- **Source data**
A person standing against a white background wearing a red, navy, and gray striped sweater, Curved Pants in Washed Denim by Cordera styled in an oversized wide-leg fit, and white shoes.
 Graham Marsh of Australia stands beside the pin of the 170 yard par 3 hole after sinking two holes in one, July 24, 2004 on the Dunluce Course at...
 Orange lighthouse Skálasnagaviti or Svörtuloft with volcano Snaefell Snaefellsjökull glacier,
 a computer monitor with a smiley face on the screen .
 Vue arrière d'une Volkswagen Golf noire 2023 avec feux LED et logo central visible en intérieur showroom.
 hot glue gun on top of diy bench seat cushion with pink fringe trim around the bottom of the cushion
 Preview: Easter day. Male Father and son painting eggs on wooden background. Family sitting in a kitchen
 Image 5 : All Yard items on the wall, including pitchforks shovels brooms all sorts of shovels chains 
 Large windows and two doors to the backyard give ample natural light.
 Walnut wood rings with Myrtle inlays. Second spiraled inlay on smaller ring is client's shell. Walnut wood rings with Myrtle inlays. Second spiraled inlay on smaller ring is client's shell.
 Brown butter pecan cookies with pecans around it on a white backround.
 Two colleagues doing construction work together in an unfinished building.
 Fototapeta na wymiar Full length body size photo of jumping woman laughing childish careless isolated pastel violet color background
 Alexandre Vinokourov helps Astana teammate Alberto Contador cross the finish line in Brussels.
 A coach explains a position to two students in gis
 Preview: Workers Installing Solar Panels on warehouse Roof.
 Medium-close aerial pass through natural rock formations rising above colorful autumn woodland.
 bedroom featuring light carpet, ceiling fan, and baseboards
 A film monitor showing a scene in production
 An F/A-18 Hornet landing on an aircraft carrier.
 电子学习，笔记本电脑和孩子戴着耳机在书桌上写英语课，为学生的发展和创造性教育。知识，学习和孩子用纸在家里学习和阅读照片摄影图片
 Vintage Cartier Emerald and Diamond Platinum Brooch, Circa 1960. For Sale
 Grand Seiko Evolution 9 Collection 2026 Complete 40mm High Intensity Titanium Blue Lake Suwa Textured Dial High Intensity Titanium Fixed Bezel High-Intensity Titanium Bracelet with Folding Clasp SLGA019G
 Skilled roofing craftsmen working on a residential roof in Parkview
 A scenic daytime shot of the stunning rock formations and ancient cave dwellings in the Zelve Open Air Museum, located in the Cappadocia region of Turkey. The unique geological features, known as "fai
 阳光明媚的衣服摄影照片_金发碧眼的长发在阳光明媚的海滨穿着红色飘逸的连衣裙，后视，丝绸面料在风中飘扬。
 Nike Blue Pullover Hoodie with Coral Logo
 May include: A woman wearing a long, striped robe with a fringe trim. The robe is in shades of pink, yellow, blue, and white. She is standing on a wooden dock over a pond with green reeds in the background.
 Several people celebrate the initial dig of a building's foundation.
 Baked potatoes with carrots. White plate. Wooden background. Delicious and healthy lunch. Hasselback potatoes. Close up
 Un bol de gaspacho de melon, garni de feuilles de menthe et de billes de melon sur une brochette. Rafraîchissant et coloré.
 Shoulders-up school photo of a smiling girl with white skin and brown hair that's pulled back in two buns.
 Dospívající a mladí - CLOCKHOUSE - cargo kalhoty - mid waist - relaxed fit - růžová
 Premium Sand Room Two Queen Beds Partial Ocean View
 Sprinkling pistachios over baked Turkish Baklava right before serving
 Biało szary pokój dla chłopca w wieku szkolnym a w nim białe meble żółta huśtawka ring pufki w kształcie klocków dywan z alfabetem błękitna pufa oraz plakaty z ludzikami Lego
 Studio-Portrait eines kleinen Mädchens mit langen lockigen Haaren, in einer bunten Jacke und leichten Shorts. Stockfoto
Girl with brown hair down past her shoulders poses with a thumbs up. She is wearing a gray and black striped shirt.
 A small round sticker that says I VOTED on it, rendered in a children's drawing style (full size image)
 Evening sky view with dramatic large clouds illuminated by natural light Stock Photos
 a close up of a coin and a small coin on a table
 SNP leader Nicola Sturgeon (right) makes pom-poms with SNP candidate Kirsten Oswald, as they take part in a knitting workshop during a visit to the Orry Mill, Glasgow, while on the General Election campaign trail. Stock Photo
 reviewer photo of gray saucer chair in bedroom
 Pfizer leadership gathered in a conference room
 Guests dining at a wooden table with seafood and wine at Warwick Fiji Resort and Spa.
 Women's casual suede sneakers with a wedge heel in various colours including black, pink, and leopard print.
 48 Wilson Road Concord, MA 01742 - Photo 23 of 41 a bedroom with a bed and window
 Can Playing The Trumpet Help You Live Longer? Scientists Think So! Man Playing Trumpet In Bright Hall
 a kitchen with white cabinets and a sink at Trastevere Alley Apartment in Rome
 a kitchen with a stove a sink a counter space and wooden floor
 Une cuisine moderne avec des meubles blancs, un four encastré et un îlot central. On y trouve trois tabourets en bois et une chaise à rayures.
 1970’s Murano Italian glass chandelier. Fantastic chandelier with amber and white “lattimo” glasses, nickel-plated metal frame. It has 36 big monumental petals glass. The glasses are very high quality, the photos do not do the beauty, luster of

- **Task objective**
All that belongs in your answer is the stretch of entries above from the line with "电子学习，笔记本电脑和孩子戴" through the line with "Vintage Cartier Emerald", printed exactly.

- **Exercise answer**
 电子学习，笔记本电脑和孩子戴着耳机在书桌上写英语课，为学生的发展和创造性教育。知识，学习和孩子用纸在家里学习和阅读照片摄影图片
 Vintage Cartier Emerald and Diamond Platinum Brooch, Circa 1960. For Sale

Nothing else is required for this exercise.